Events that happened:
I made a build, then began to do the next build, and got an error, plate heat error, but the "error could not be found"
so I powered down and back up, still same issue.
I navigated the menu and did a Factory Reset, thinking this would get me back to a clean starting point
At this point the LCD went blank (dark) and the USB interface died.


I am somewhat convinced that the firmware is trashed an the bootloader may be also.
I've read about the winbot tools to allow you to reload the firmware.
does anyone know where to download the tools and also the REV 'H' firmware and / or Bootloader


also are there step by step instructions to perform the reload?


thanks chuck

----------


## American 3D Printing

We had a similar experience with a customer's 2X. We noticed that the firmware was Rev. 1.5, and that the current Rev. is 1.6, so we went to update the firmware. The very instant we started, the LCD went dead and the USB stopped.
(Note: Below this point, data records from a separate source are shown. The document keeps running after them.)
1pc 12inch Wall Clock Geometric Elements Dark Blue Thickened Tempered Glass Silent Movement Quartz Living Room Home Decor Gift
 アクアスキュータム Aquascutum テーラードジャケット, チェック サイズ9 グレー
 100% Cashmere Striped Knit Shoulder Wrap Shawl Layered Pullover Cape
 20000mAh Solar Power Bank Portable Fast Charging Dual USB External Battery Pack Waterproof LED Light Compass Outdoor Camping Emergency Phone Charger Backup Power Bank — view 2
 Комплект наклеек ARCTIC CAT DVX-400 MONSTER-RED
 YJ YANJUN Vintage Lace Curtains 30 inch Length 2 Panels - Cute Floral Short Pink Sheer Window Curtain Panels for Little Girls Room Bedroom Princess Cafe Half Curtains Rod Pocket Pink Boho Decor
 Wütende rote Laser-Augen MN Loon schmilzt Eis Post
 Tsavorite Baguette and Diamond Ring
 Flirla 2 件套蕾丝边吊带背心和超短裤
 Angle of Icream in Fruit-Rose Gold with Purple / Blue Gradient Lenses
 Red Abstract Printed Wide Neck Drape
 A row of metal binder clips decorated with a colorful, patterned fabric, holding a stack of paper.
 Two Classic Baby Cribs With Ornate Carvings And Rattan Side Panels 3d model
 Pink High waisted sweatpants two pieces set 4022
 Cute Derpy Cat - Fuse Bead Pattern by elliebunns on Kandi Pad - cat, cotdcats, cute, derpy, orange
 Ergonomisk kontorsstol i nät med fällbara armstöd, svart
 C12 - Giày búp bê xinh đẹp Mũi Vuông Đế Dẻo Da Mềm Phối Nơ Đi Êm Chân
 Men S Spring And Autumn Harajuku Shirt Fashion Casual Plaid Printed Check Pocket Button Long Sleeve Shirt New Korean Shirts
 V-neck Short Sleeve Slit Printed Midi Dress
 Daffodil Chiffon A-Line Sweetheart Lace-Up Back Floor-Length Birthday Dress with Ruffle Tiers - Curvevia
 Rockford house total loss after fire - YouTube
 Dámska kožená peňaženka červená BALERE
If anyone has a better solution than a new Rev. H Mightyboard, we'd sure like to know!

----------


## chuckLLX

> We had a similar experience with a customer's 2X. We noticed that the firmware was Rev. 1.5, and that the current Rev. is 1.6, so we went to update the firmware. The very instant we started, the LCD went dead and the USB stopped. If anyone has a better solution than a new Rev. H Mightyboard, we'd sure like to know!



I found a solution will post the solution tomorrow

----------


## chuckLLX

Solved:

First thanks to the hard work in the creation of the WinBotTool program.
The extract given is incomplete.